Anno 2011, la fuga delle imprese italiane è divenuta un dato di fatto: come evidenziato dai dati della Cgia di Mestre, vi sono diversi motivi che hanno spinto più di 27mila aziende del nostro paese a trasferirsi alla data del 31 dicembre di due anni fa. Nello specifico, si tratta soprattutto della pressione fiscale, della burocrazia, del costo del lavoro, ma anche della continua inefficienza da parte della pubblica amministrazione, del poco credito a disposizione e degli oneri sempre maggiori dell’energia. Insomma, si sta parlando di ostacoli di non poco conto. Sempre secondo l’associazione veneta, gli ultimi anni erano stati caratterizzati da un incoraggiante contenimento del fenomeno, seppur presente, ma comunque dal 2000 al 2011 è stato registrato un aumento in questo senso pari a sessantacinque punti percentuali.

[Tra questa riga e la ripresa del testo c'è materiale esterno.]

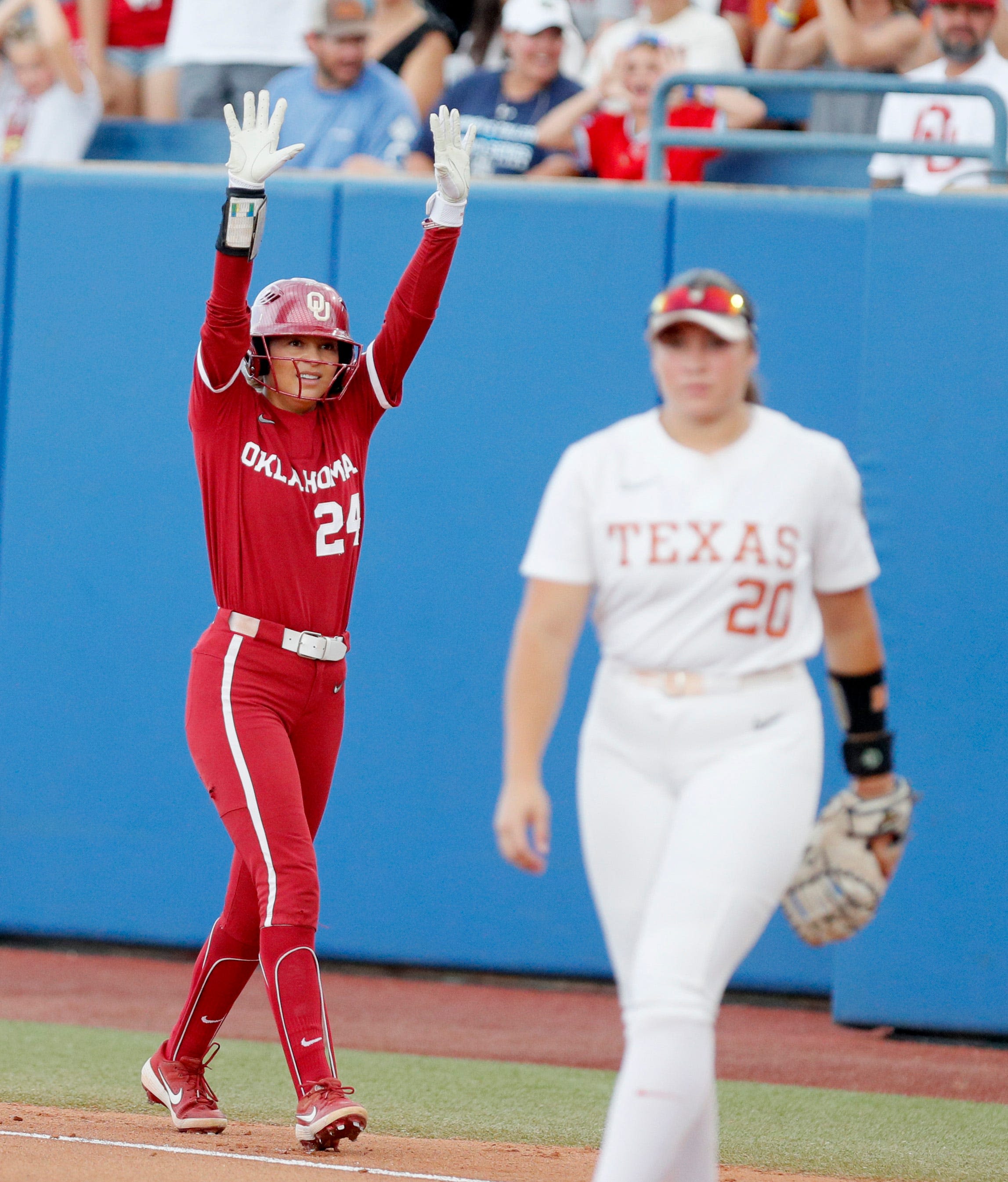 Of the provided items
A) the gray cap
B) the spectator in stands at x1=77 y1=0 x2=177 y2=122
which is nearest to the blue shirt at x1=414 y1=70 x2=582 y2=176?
the gray cap

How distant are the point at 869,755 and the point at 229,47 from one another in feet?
21.6

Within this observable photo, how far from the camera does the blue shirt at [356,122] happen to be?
7.79 m

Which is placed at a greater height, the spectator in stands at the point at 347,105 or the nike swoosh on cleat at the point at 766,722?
the spectator in stands at the point at 347,105

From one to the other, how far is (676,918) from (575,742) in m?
4.00

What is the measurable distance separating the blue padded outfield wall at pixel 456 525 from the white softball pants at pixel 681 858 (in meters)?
3.29

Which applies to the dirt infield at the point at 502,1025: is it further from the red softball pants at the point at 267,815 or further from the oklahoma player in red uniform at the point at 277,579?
the oklahoma player in red uniform at the point at 277,579

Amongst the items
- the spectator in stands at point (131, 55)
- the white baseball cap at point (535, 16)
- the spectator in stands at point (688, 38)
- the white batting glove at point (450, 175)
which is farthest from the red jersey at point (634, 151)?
the white batting glove at point (450, 175)

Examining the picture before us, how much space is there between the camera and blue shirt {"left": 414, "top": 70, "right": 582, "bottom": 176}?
763 centimetres

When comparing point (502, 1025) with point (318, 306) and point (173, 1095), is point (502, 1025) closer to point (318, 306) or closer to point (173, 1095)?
point (173, 1095)

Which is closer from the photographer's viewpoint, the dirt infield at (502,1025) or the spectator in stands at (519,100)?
the dirt infield at (502,1025)

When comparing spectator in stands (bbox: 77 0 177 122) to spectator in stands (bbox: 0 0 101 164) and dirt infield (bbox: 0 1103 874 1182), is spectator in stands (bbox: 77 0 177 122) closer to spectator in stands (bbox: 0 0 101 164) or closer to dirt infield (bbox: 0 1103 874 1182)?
spectator in stands (bbox: 0 0 101 164)

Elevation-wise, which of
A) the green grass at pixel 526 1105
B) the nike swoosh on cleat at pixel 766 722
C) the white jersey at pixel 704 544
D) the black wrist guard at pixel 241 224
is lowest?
the green grass at pixel 526 1105

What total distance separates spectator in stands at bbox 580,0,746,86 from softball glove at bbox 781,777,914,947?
5.44 m

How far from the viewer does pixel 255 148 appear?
4.05 metres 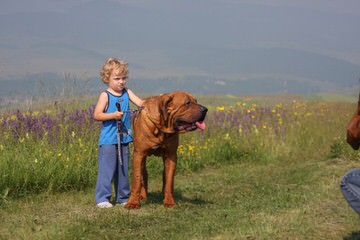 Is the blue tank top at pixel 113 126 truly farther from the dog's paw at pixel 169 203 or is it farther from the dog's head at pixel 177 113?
the dog's paw at pixel 169 203

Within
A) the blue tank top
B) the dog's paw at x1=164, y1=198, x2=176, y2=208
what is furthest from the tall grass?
the dog's paw at x1=164, y1=198, x2=176, y2=208

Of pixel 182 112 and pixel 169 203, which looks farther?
pixel 169 203

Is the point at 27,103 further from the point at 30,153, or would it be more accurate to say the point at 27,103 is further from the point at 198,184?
the point at 198,184

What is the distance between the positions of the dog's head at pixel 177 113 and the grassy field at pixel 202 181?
105 cm

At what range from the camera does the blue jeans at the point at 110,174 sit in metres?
6.63

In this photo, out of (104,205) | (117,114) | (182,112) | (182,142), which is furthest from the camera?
(182,142)

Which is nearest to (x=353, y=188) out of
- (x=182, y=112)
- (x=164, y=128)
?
(x=182, y=112)

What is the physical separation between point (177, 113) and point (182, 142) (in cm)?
491

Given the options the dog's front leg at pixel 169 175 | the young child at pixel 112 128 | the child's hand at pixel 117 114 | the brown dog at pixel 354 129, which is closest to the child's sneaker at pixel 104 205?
the young child at pixel 112 128

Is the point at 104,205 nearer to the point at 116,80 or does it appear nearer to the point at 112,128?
the point at 112,128

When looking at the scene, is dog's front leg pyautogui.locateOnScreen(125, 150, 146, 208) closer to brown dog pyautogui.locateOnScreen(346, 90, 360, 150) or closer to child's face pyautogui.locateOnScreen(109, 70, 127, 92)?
child's face pyautogui.locateOnScreen(109, 70, 127, 92)

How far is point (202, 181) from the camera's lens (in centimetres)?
884

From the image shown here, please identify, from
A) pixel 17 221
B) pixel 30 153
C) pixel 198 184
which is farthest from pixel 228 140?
pixel 17 221

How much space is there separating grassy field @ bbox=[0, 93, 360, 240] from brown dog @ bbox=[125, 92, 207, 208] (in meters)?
0.35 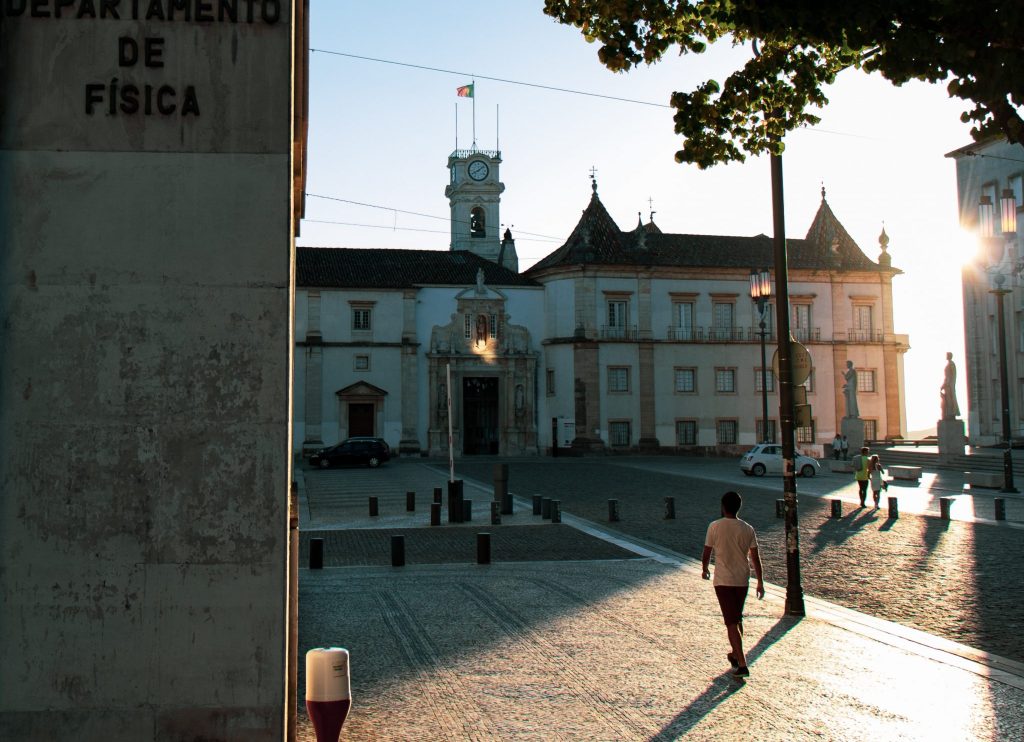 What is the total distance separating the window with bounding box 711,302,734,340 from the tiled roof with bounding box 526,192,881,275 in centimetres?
234

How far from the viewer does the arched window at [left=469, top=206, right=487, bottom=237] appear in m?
72.3

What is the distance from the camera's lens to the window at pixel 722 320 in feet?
190

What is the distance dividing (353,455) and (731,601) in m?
37.8

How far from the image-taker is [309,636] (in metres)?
10.2

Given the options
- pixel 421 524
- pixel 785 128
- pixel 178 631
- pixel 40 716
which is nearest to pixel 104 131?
pixel 178 631

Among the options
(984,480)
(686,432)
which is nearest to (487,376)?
(686,432)

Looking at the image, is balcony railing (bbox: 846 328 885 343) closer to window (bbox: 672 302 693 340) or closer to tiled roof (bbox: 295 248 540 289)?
window (bbox: 672 302 693 340)

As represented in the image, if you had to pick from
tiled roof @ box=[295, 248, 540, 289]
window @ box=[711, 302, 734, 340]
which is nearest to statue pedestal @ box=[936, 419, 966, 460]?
window @ box=[711, 302, 734, 340]

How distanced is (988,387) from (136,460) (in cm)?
5287

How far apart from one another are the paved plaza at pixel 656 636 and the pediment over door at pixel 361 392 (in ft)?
110

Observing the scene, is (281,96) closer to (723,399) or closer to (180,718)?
(180,718)

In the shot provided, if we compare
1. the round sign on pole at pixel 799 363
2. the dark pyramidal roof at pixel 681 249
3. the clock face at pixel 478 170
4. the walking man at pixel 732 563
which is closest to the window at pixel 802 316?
the dark pyramidal roof at pixel 681 249

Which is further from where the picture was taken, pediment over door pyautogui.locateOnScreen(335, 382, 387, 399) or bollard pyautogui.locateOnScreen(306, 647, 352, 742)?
pediment over door pyautogui.locateOnScreen(335, 382, 387, 399)

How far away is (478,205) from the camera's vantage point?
7294 cm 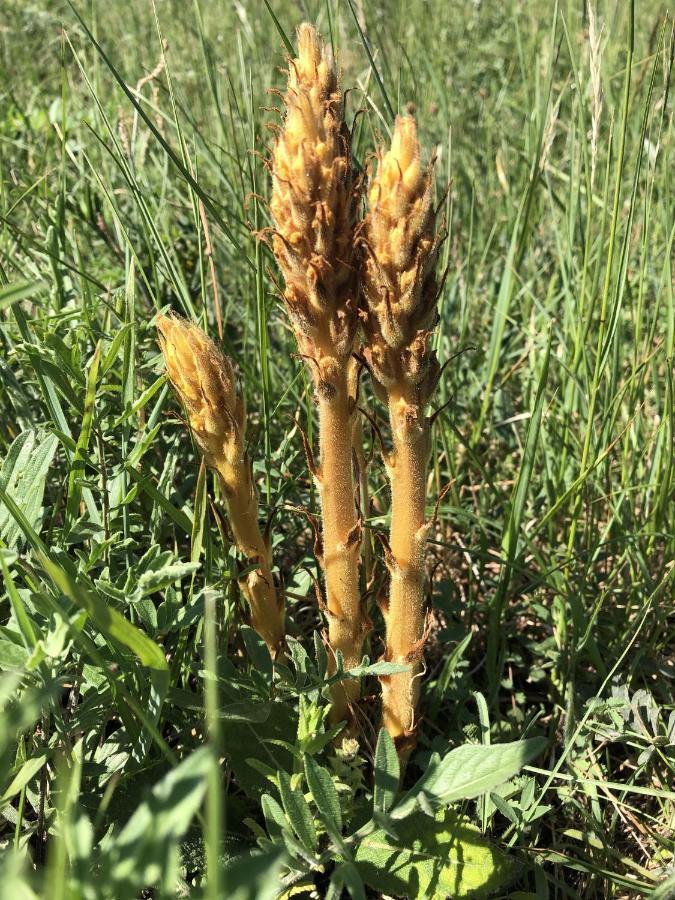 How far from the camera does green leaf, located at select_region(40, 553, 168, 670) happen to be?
29.7 inches

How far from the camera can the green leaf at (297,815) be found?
977 mm

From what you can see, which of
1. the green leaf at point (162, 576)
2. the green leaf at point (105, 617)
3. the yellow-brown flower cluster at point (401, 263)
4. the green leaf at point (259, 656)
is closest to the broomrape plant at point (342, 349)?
the yellow-brown flower cluster at point (401, 263)

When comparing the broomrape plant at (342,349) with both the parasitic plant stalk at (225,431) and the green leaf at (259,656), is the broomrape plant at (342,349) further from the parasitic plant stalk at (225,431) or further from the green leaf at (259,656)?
the green leaf at (259,656)

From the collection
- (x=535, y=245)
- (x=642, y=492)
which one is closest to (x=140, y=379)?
(x=642, y=492)

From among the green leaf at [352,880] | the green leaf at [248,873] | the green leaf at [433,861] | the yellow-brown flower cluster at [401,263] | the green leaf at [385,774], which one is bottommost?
the green leaf at [433,861]

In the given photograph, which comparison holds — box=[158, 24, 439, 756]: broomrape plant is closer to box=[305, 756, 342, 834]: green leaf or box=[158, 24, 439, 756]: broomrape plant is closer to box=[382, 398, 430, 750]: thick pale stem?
box=[382, 398, 430, 750]: thick pale stem

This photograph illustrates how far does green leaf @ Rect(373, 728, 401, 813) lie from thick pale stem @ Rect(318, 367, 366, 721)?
0.19 meters

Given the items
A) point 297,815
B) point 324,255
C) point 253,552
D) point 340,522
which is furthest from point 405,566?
point 324,255

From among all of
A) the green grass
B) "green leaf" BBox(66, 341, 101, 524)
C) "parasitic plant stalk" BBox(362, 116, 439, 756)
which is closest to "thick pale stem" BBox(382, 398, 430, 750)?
"parasitic plant stalk" BBox(362, 116, 439, 756)

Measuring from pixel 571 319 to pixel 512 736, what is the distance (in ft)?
3.61

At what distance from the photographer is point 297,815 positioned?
0.99 metres

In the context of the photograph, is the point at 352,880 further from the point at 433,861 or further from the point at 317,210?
the point at 317,210

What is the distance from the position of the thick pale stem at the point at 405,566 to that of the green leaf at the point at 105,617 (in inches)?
15.6

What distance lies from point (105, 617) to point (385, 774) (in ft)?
1.55
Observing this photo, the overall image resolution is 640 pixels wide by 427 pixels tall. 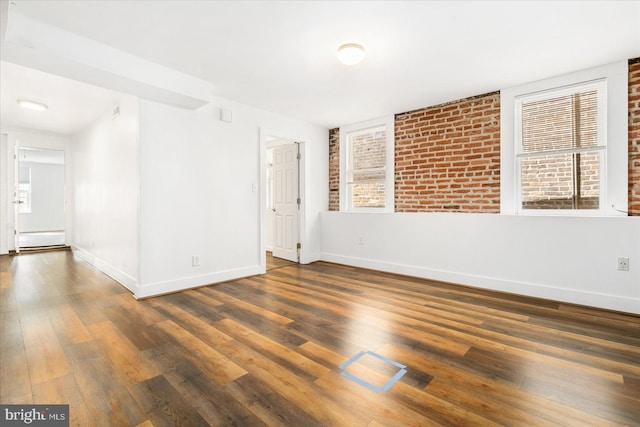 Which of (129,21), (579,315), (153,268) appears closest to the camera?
(129,21)

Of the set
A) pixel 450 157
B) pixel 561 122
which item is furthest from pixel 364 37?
pixel 561 122

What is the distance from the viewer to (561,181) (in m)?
3.51

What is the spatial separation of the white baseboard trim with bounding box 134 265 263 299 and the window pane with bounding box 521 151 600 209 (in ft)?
12.5

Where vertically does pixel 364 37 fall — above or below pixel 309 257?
above

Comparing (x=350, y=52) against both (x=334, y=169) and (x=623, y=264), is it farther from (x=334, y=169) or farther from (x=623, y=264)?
(x=623, y=264)

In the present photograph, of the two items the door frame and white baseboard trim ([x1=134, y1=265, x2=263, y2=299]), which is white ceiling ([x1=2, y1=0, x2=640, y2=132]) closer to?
the door frame

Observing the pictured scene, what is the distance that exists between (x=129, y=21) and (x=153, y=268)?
98.9 inches

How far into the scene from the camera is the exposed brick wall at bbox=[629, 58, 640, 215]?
3.02 meters

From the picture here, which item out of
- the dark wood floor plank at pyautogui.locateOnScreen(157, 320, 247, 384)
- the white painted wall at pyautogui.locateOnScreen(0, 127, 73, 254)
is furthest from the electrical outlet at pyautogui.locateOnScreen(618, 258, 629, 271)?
the white painted wall at pyautogui.locateOnScreen(0, 127, 73, 254)

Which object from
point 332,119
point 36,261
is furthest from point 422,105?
point 36,261

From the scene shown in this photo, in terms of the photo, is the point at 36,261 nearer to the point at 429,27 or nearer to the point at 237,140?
the point at 237,140

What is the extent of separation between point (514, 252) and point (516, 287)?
0.42 meters

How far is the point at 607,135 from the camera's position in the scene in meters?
3.15

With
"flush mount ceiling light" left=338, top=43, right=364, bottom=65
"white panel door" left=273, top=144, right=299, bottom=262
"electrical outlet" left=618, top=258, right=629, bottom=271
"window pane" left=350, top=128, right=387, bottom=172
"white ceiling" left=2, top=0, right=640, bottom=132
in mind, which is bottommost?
"electrical outlet" left=618, top=258, right=629, bottom=271
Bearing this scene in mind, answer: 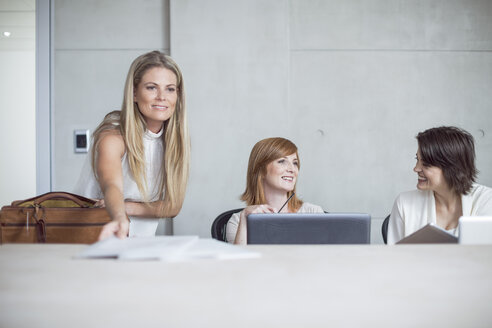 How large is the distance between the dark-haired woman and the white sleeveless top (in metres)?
1.29

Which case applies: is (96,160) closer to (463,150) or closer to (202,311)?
(202,311)

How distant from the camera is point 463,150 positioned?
248cm

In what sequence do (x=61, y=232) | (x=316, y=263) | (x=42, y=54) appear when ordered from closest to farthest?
(x=316, y=263), (x=61, y=232), (x=42, y=54)

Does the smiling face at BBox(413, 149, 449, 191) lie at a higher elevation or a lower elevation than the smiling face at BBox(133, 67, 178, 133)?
lower

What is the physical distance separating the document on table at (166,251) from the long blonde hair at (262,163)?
6.15ft

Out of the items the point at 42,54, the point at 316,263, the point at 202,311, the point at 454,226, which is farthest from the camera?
the point at 42,54

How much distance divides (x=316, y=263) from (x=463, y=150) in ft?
6.40

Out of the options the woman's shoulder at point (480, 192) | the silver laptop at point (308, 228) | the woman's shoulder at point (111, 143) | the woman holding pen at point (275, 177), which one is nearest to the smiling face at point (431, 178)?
the woman's shoulder at point (480, 192)

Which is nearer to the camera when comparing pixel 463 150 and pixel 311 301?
pixel 311 301

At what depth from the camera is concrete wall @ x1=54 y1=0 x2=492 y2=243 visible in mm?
3580

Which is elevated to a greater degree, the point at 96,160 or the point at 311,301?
the point at 96,160

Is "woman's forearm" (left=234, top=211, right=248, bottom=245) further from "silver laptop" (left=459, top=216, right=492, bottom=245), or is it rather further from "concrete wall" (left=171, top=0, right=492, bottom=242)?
"silver laptop" (left=459, top=216, right=492, bottom=245)

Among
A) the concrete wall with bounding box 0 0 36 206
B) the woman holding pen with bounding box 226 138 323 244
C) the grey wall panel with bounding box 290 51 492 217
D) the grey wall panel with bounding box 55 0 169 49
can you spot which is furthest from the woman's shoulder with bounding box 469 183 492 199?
the concrete wall with bounding box 0 0 36 206

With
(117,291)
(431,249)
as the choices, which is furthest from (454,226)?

In aggiunta, c’è da sottolineare come sempre due anni fa erano oltre 1,5 milioni i posti di lavoro creati da queste stesse imprese all’estero. D’altronde, non si potevano attendere dati molto diversi, visto che fare impresa in Italia è divenuto nel corso del tempo sempre più difficile e complicato. Gli ostacoli sono stati citati in precedenza e sono quasi sempre insuperabili, al punto che gli imprenditori preferiscono trasferirsi in quei posti in cui il clima imprenditoriale e aziendale è molto più favorevole.
Ma dove sono andate di precise queste imprese? La Francia è tra i paesi più gettonati in assoluto, con oltre 2.500 aziende nostrane che vi hanno trasferito la filiera produttiva, grazie soprattutto alla certezza del diritto. Oltralpe, infatti, i tempi e i modi di pagamento risultano essere molto più puntuali e rapidi. Le scelte ricadono però anche sugli Stati Uniti (2.400 casi), la Germania (quasi 2.100), la Romania (poco meno di duemila) e la Spagna (1.925). al settimo posto figura invece la Cina, con poco più di 1.100 imprese che vi svolgono l’attività produttiva. La regione più rappresentata, infine, è la Lombardia.